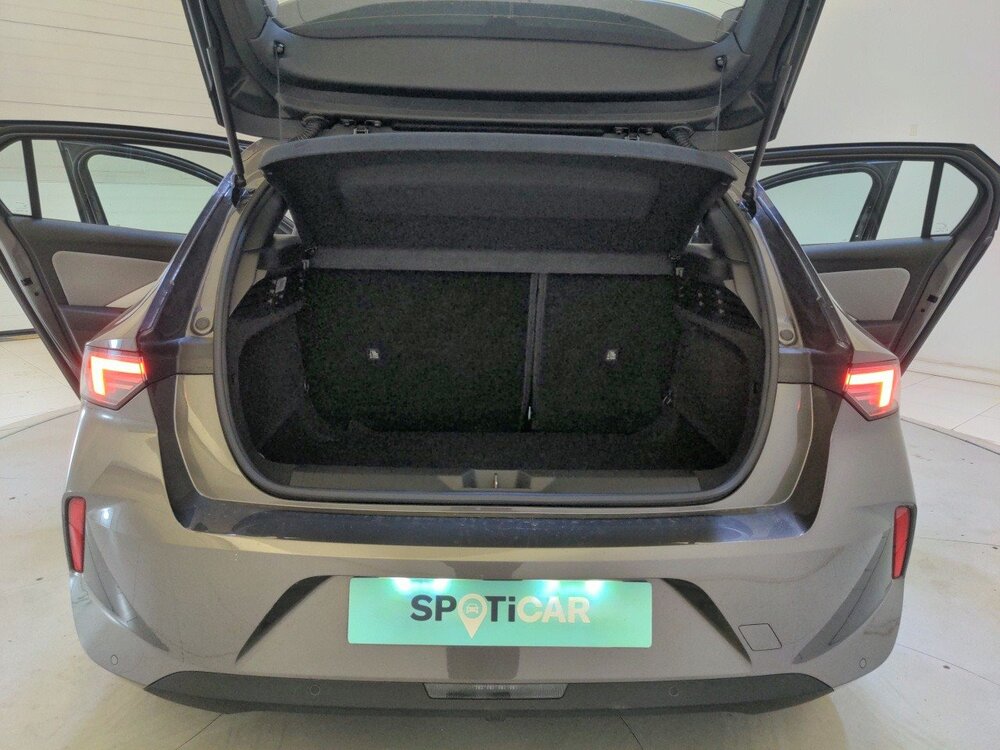 Occasion OPEL Astra Astra 1.2 Turbo 110 ch BVM6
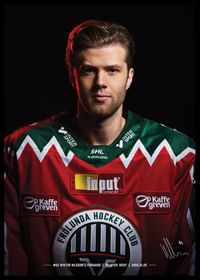 Wiktor Nilsson #62 Frölunda HC 2024/2025-2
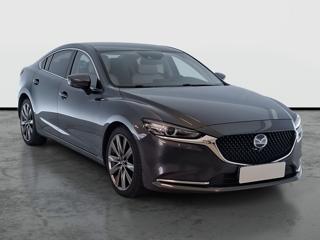Mazda 6 2.2 Skyactiv-D 135kW sedan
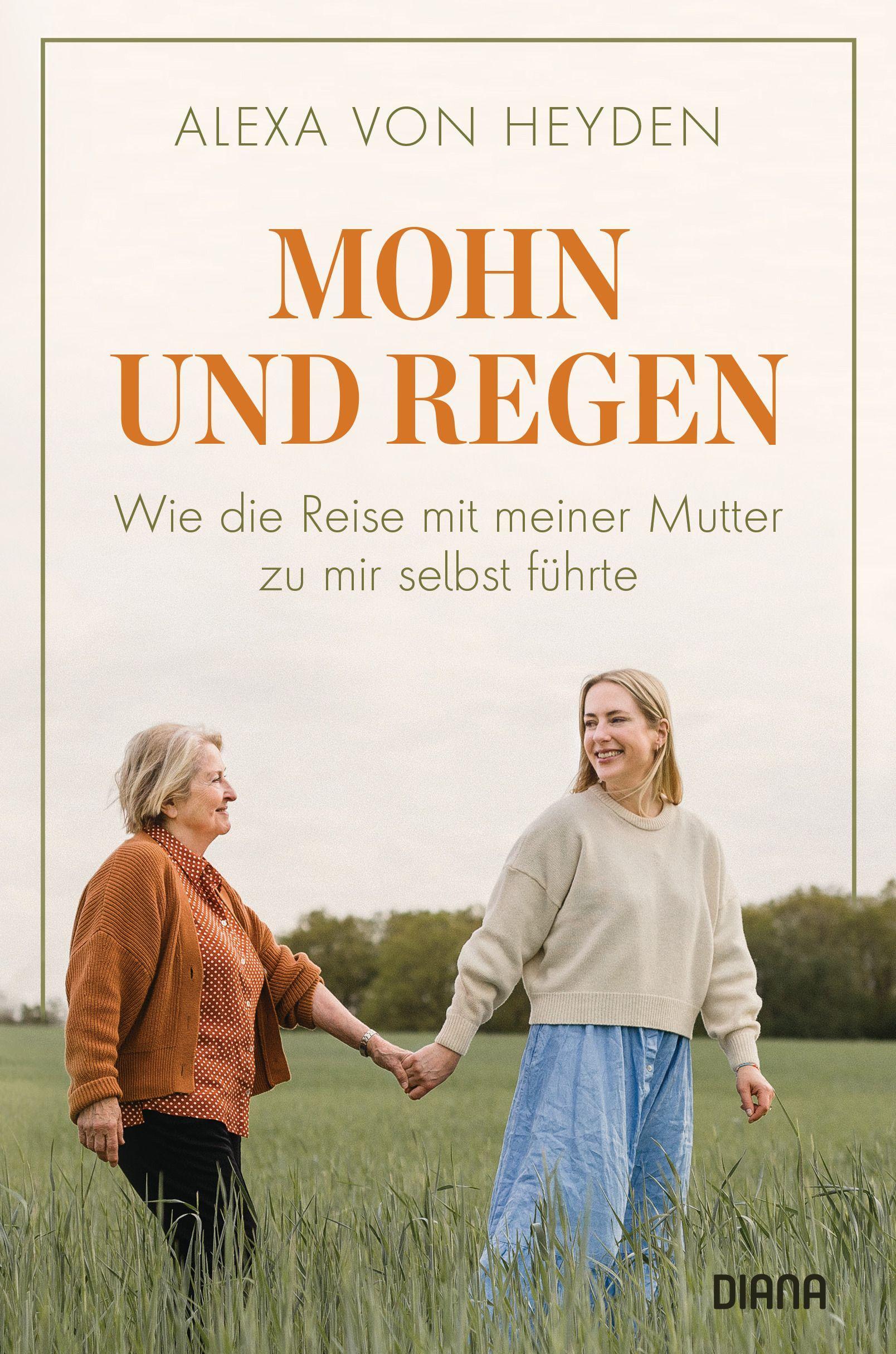 Cover: 9783453292475 | Mohn und Regen | Alexa von Heyden | Taschenbuch | 272 S. | Deutsch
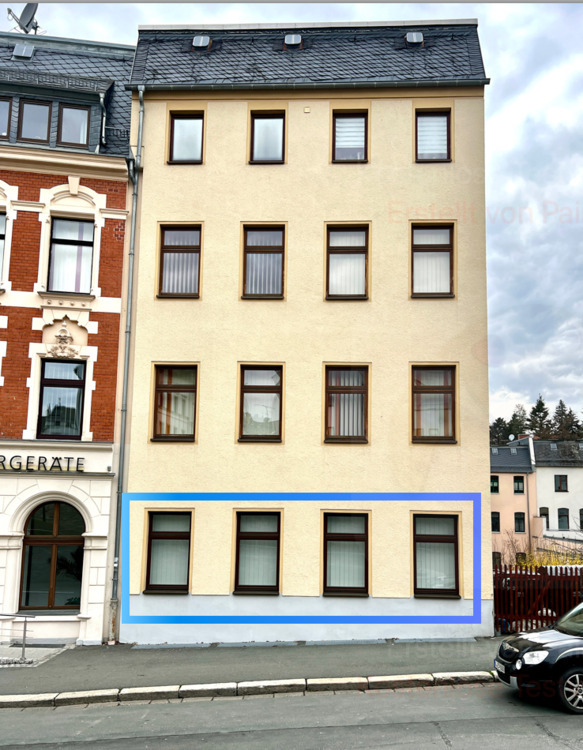 Ehemalige Praxis im Ärztehaus - ideal für den Umbau zur Wohnung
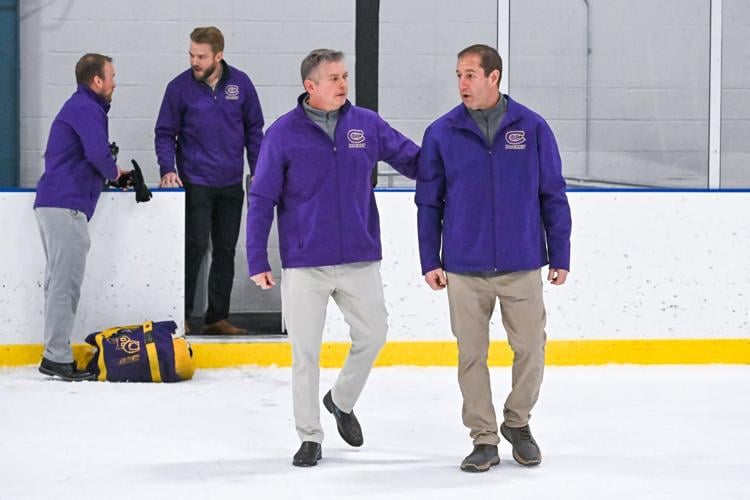 02/08/2024 - Hockey - CBC vs Parkway South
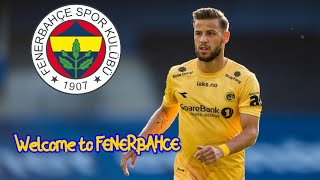 Philip Zinckernagel  Welcome to FENERBAHÇE [upl. by Rik319]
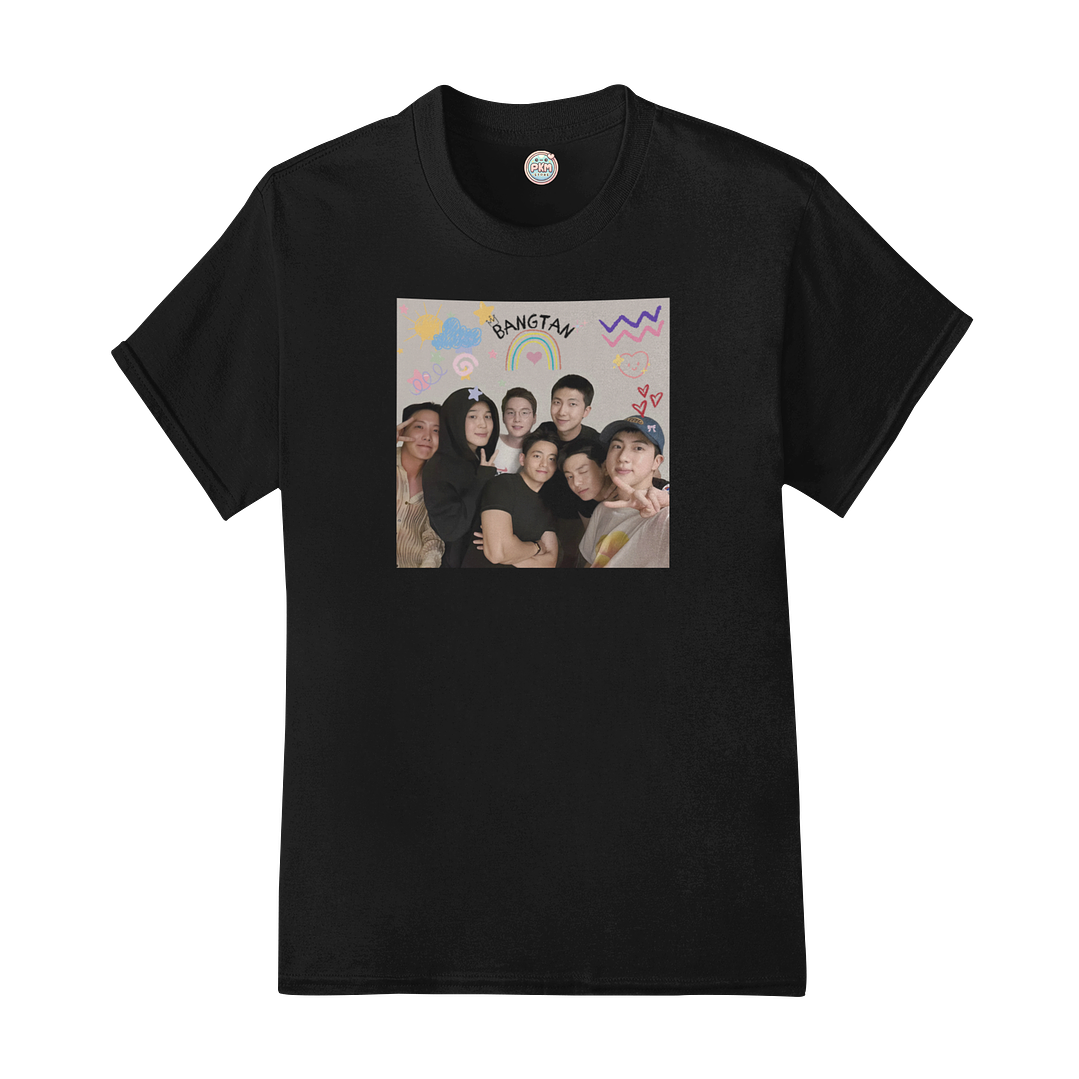 Polera ARMY’s Favorite Memory 1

□ □ □ □

● Prompt: Once the line holding "Ehemalige Praxis im" is found, set down that line and every line after it, exactly, through the last line of the records above, omitting pictures.

● Solution to the exercise:
 Ehemalige Praxis im Ärztehaus - ideal für den Umbau zur Wohnung
 02/08/2024 - Hockey - CBC vs Parkway South
 Philip Zinckernagel  Welcome to FENERBAHÇE [upl. by Rik319]
 Polera ARMY’s Favorite Memory 1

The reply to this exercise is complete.